Perindustrian, benar adanya. Untuk sementara perusahaannya boleh
dibilang macet. Tapi kemacetan itu, menurut pengurus Innismo,
"tidaklah identik dengan suatu keadaan bangkrut". Toh,
lanjutnya, Innismo dapat membuktikan diri sebagai perusahaan
yang secara operasional masih menguntungkan.
Ketentuan hukum dagang memang menyatakan, apabila perseroan
menderita kerugian sampai sebesar 50% dari modalnya, harus
segera diumumkan dalam register yang diselenggarakan di
kepaniteraan pengadilan dan Berita Negara. Dan jika kerugian
mencapai 75% perseroan bubar demi hukum.
Karena itu, menurut konsultan Innismo, Drs. Utomo, Mulia & Co.,
perusahaan itu punya dalih untuk mengelak dari tuduhan pailit.
Sebab selama ini belum pernah ada pendakwaan yang berwajib
terhadap perusahaan yang mcmpunyai utang yang terlalu besar.
Mengutip keterangan seorang ahli hukum, Prof. Kardono dari
Universitas Indonesia, menampilkan pasal KUHD tentang bangkrut,
"merupakan suatu ketentuan yang mati". Karena, kenyataannya,
memang sulit menentukan titik dan saat yang tepat jatuhnya modal
di bawah 50% atau 75%. Sebab penurunan bisa bersifat sementara,
sedangkan modal dapat diperbesar.
Tidak Otomatis
Begitu juga pendapat Sardjono dari kantor akuntan Drs. Sardjono
& Co yang mengaudit Innismo. Ia pernah memeriksa buku-buku
berbagai perusahaan yang--seperti halnya Innismo--dalam keadaan
rugi di atas 75% dari modalnya. Tapi semuanya, katanya, tidak
otomatis bubar seperti ditentukan KUHD.
Lalu apa artinya pasal 47 KUHD? Sardjono enggan menafsirkan.
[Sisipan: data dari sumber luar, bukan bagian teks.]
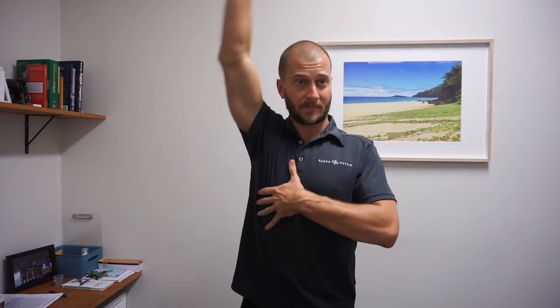Functional Range Conditioning — essentially it's aiming to achieve exactly that: functional range. So not just a good range of movement, which would be the definition of flexibility. We're looking for mobility, which is through-range control and strength, particularly at the ends of those ranges, which is where we're gonna be using those joints and where we often get pain. So not just having the flexibility to achieve impressive ranges of movement, but actually having that strength through range.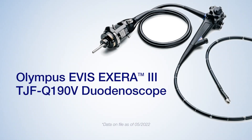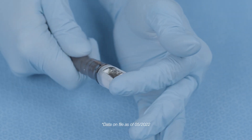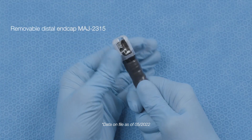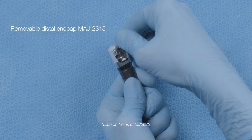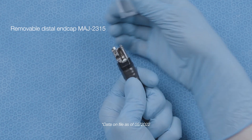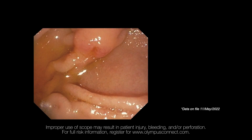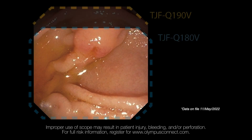The Olympus TJF Q19TV duodenoscope improves upon previous reprocessing techniques with an efficient design that provides easy access for brushing and flushing. The single-use distal cover is designed for easy setup and improved visualization of the distal end, which in turn provides access for manual cleaning and reprocessing.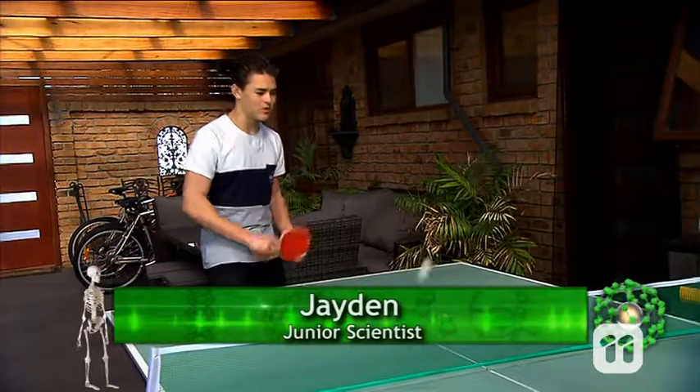There's nothing like a game of ping-pong to get you warmed up and ready for a bit of science. G'day guys, my name's Jaden and today I'm going to be showing you a super cool DIY science experiment. Come on, let's go.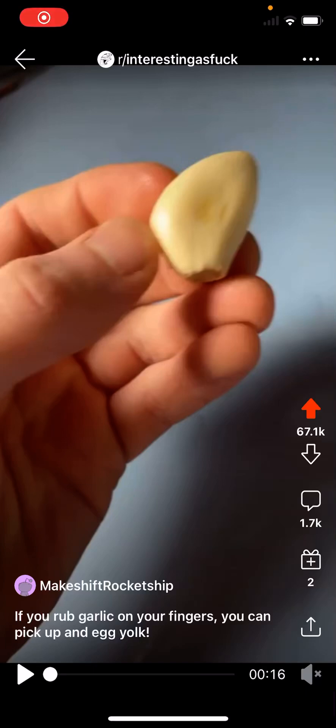Welcome back to Transcriber from Reddit. Today's topic comes from the subreddit Interesting As Fuck, posted by user Makeshift Rocket Chip. The user posted a video titled, 'If you rub garlic on your fingers, you can pick up an egg yolk.' As of this video, this has 67,000 upvotes and almost 2,000 comments.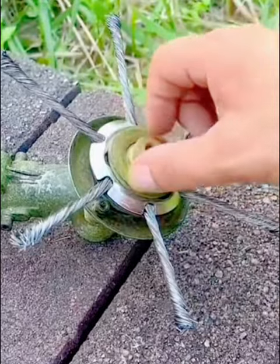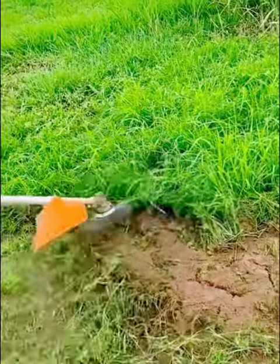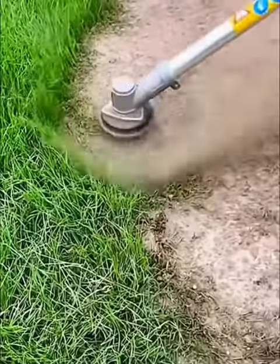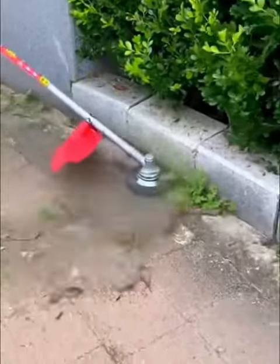Durable Twisted Wire Grass Cutter effectively cuts and cleans all types of grass down to the root. Designed with large-sized Twisted Steel Wire composed of multiple small strands, it facilitates deep cleaning and thorough removal of grass from the root.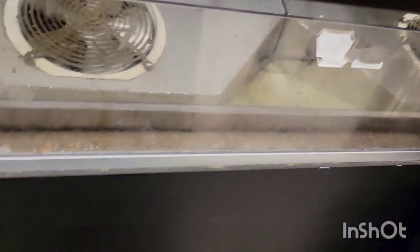Today we're going to replace and program a Dixel controller. Hopefully you'll learn a thing or two about a thing or two.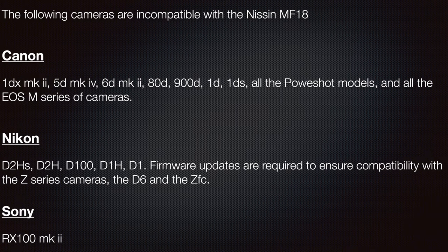On the Canon side, the 1DX Mark II, the 5D Mark IV, the 6D Mark II, the 80D, 900D, 1D, 1DS, all of the PowerShot series and all of the EOS M series of cameras are incompatible with this unit.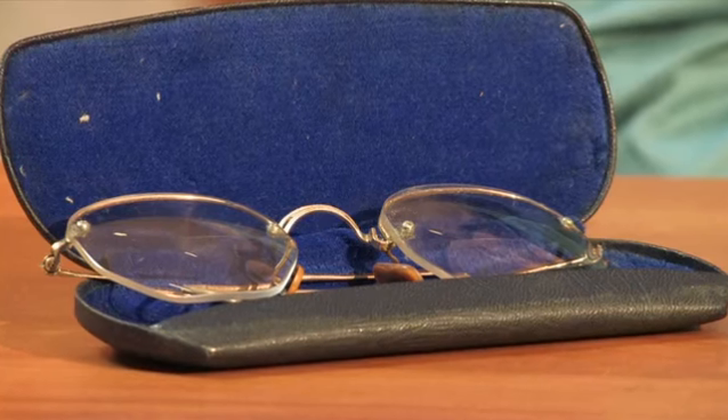Putting your reading prescription in your antique eyeglass frames is a good way to bring them back to life. I'm Amy, and hopefully that answers your question about putting your reading prescription in your antique eyeglass frames.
"Saya bukan ahli hukum," katanya. Tapi "bangkrut atau tidaknya
sebuah perusahaan bukan urusan akuntan," lanjutnya. "Tapi
hakimlah yang berhak menilai." Itu dibenarkan oleh Hakim J.Z.
Loudoe dari Pengadilan Negeri Jakarta Pusat. Perusahaan,
katanya, tak bisa begitu saja menyatakan dirinya bangkrut untuk
menghindari tagihan krediturnya. Begitu juga sebaliknya.
Permohonan harus diajukan oleh pengurus perseroan atau kreditur
untuk memperoleh penetapan pailit dari pengadilan. Hakim akan
menilai apakah perusahaan patut dinyatakan pailit atau tidak.
Penetapan diperoleh, menurut Loudoe, disertai perintah
pengadilan agar Balai Harta Peninggalan melakukan pembagian
harta kekayaan perseroan kepada para kreditur. Baik kreditur
maupun pengurus perseroan boleh saja tidak menerima putusan
Pengadilan Negeri. Untuk itu perkara boleh dimintakan kasasi
pada Mahkamah Agung.
Bantahan juga bisa dilakukan selagi perkara di tingkat pertama.
Misalnya terjadi dalam kasus PT Arafat. Perusahaan pelayaran
tersebut, menurut Hakim Suwandono, pernah minta agar Pengadilan
Negeri Jakarta Pusat menetapkannya pailit. Tapi krediturnya
mengajukan keberatan. Mereka minta agar Arafat, walaupun
utangnya sudah lebih 75% dari modal, diberi kesempatan hidup.
Dengan begitu kreditur tetap dapat menagih piutangnya--walaupun
Arafat harus membayarnya secara mengangsur.